EF育成チームでメカニック修行開始 家本メカにインタビュー
ロードレースの本場、欧州の門戸を叩くのは、何も選手だけではない。
この春、鹿屋体育大学を卒業し、渡欧。ロードレースの一流メカニックをめざし、スペインを拠点とするEFエデュケーション・NIPPO ディベロップメントチームで活動を始めた24歳の家本真寿(いえもと・まさかず)。“メカニックになりたくて” 自転車競技強豪校の鹿屋体育大学に入学したという少し変わった経歴の持ち主。だからこそ、メカニックという仕事への決意や情熱は人一倍強い。家本メカニックに、過去と未来、そして現在の心境を聞いた。
小さな頃から、自転車が好きだった父親の影響でサイクリングを楽しみ、同じく父親の影響から機械いじりが大好きだった家本。大きくて複雑なプラモデル、本格的なラジコンカー、かまぼこの板に基盤を張り付けたラジオなどを作って楽しんでいたと言う。そのため、自転車に興味をもつと必然的に、乗ること以上に自転車の仕組みや整備に惹かれていった。高校生になると、バイクブランドCannondale(キャノンデール)を知ったことを機に、鹿屋体育大学自転車競技部の活動を知り、当時学生メカニックとして活動していた福井響氏に強い憧れを抱いた。そして鹿屋体育大学に進学し、自転車競技を学ぶ道を歩み始め、メカニックになるという夢は具現化していく。
「大学に行って真剣にメカニックを目指すことに迷いは一つもなく、入学当初から自転車競技が盛んな世界をメカニックとして見てみたいと感じていました。

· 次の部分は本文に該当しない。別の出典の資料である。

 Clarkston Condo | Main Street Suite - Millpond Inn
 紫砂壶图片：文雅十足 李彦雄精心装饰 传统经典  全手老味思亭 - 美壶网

いままで取り組むことすべてが中途半端だったため、年齢的にも挑戦できることの最後と決め、自分のためにも両親やこれまで支えてくださったすべての人に『自転車のメカニックをしています』と胸を張って言えるくらい頑張りたいといった心境でした」。
大学では独学でメカニックとしての仕事を学び、日々整備を行なっていたが、次第に「必死に走る選手たちの自転車を、そんな生半可な知識と技術、技能で整備してはいけない」との思いが強まり、地元山口県の自転車屋さん「サイクリングサロンヒロシゲ」という自転車屋さんでロードバイクの整備をイチから学び、その後はチームNIPPOの中国遠征、欧州遠征、国内遠征でレース機材の整備やレースメカニックの基本を学ぶ。また鹿屋体育大学はトラックレースにも力を入れていたことから、トラックならではの整備技術を磨くため、トラック日本代表チームにも何度も足を運び、工具の扱い方の基本やメカニックとして大事なことを学んだ。そして卒業論文を書き終えると同時に渡欧。スペインを拠点とするチームに合流した。
「大学を卒業してメカニックにならない選択肢は僕にはありませんでした。欧州に渡ることは正直なところ、不安とワクワクが入り混じっていました。本当にやっていけるか不安である反面、自分がどこまで成長できるか楽しみな感情もあったように感じます。欧州のチームにこだわっていたわけではないのですが、日本人が一丸となって戦うNIPPOの体制が好きでした。西勉メカニックのように単身で欧州に渡る勇気があったかと言われるとまだまだ甘えてはいますが、日本人選手やメカニック、マッサー、カメラマン、大門監督とまではいきませんが、そのような先輩の背中を追いたいと考えています」。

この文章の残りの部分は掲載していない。